Sur la demande de dommages et intérêts en réparation du préjudice subi :
L’article 1231-6 du code civil dispose que les dommages et intérêts dus à raison du retard dans le paiement d’une obligation de somme d’argent consistent dans l’intérêt au taux légal, à compter de la mise en demeure. Le créancier auquel son débiteur en retard a causé par sa mauvaise foi, un préjudice indépendant de ce retard, peut obtenir des dommages et intérêts distincts de l’intérêt moratoire.
En l’espèce, M. et Mme Y ne justifient ni de la mauvaise foi des intimés, ni d’un préjudice autre que celui résultant du remboursement avec retard du solde du dépôt de garantie réparé par l’allocation des intérêts au taux légal. Le jugement déféré est confirmé en ce qu’il les a débouté de leur demande de dommages et intérêts.
Sur l’article 700 du code de procédure civile et les dépens :
Les dispositions du jugement sur les frais irrépétibles et les dépens sont infirmées.
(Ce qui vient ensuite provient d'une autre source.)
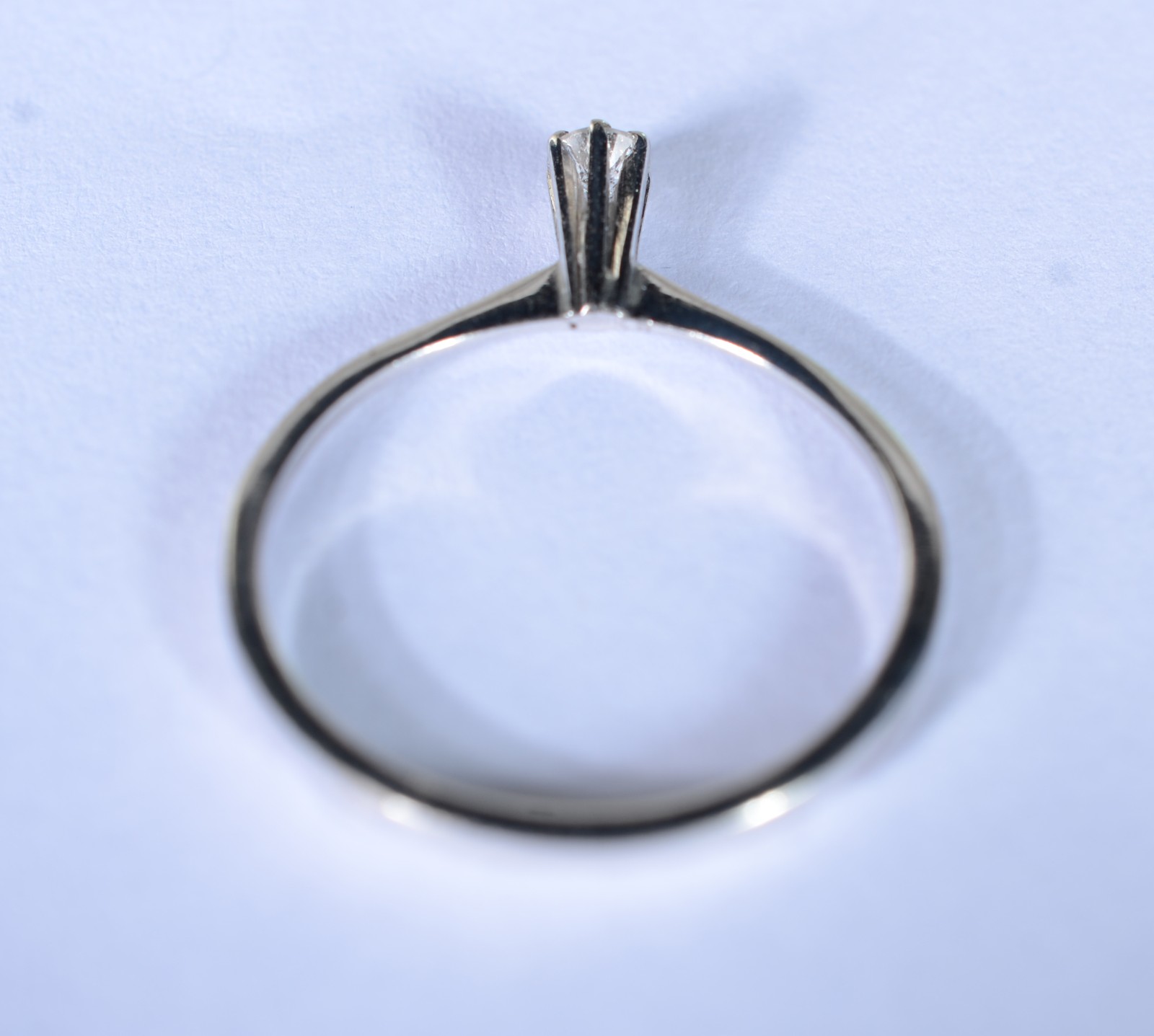 Solitário de ouro branco com um brilhante de 0,15 ct., aro 20. (Por... - foto 4 de 6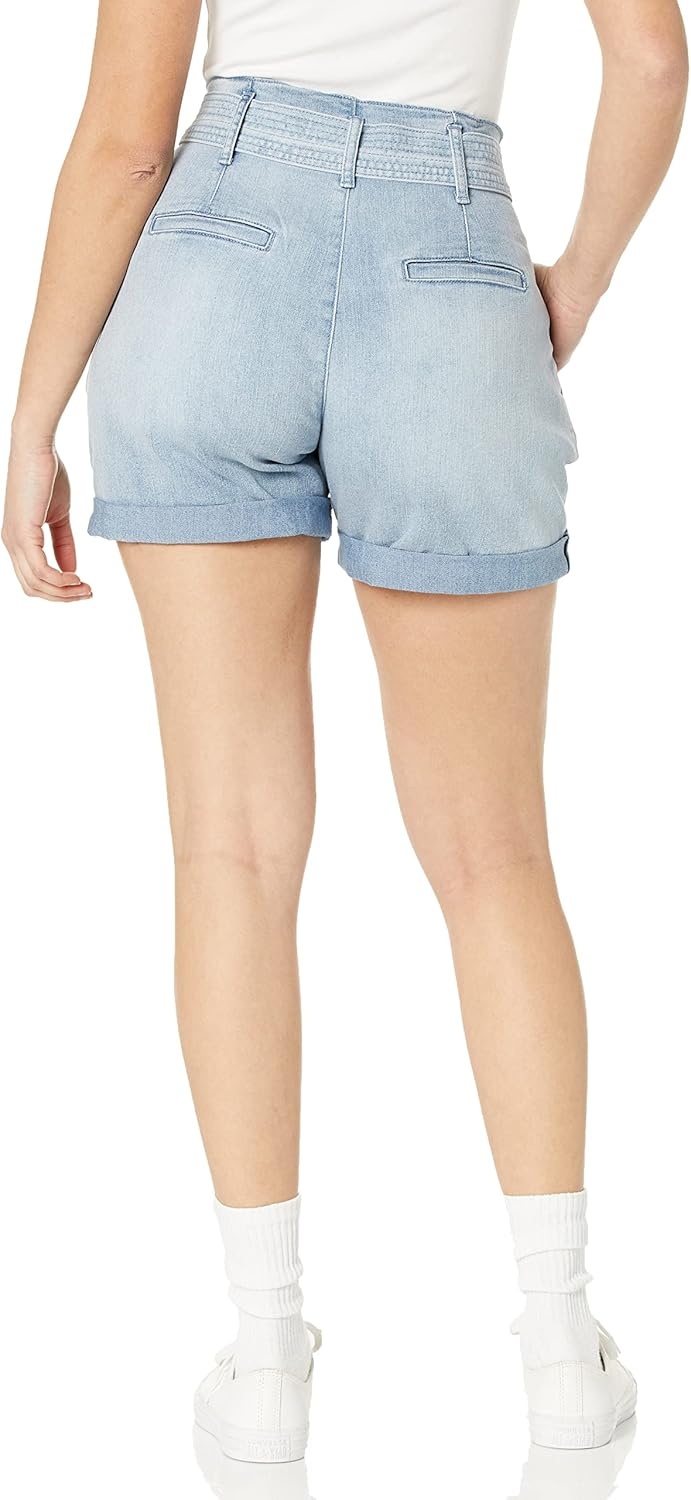 image:imageGloria Vanderbilt Womens Trapunto Self Belt Vacation Short StandardSaltmarsh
M. A et Mme B, partie perdante, devront supporter les dépens de première instance et d’appel. Pour des raisons d’équité, ils seront également condamnés à payer aux appelants la somme de 800 euros sur le fondement de l’article 700 du code de procédure civile et déboutés de leur demande présentée sur le même fondement.
PAR CES MOTIFS
LA COUR, statuant par arrêt contradictoire, prononcé publiquement par mise à disposition au greffe, conformément aux dispositions de l’article 450 alinéa 2 du Code de procédure civile,
CONFIRME le jugement entrepris en ce qu’il a débouté M. C Y et Mme H I X épouse Y de leur demande au titre de la majoration due en cas de non restitution du dépôt de garantie et de leur demande de dommages et intérêts ;
L’INFIRME pour le surplus et statuant à nouveau,
CONDAMNE solidairement M. D A et Mme F B à payer à M. C Y et à Mme H I X épouse Y, la somme de 290 euros au titre de la restitution du solde du dépôt de garantie avec intérêts au taux légal à compter du 2 août 2018 ;
CONDAMNE solidairement M. D A et Mme F B à payer à M. C Y et à Mme H I X épouse Y la somme de 800 euros sur le fondement de l’article 700 du code de procédure civile ;
DÉBOUTE M. D A et Mme F B de leur demande fondée sur l’article 700 du code de procédure civile ;
CONDAMNE M. D A et Mme F B aux dépens de première instance et d’appel.
Le présent arrêt a été signé par Madame GUIOT-MLYNARCZYK, présidente de chambre à la cour d’appel de Metz et par Madame GUIMARAES, greffier, auquel la minute de la décision a été remise par le magistrat signataire.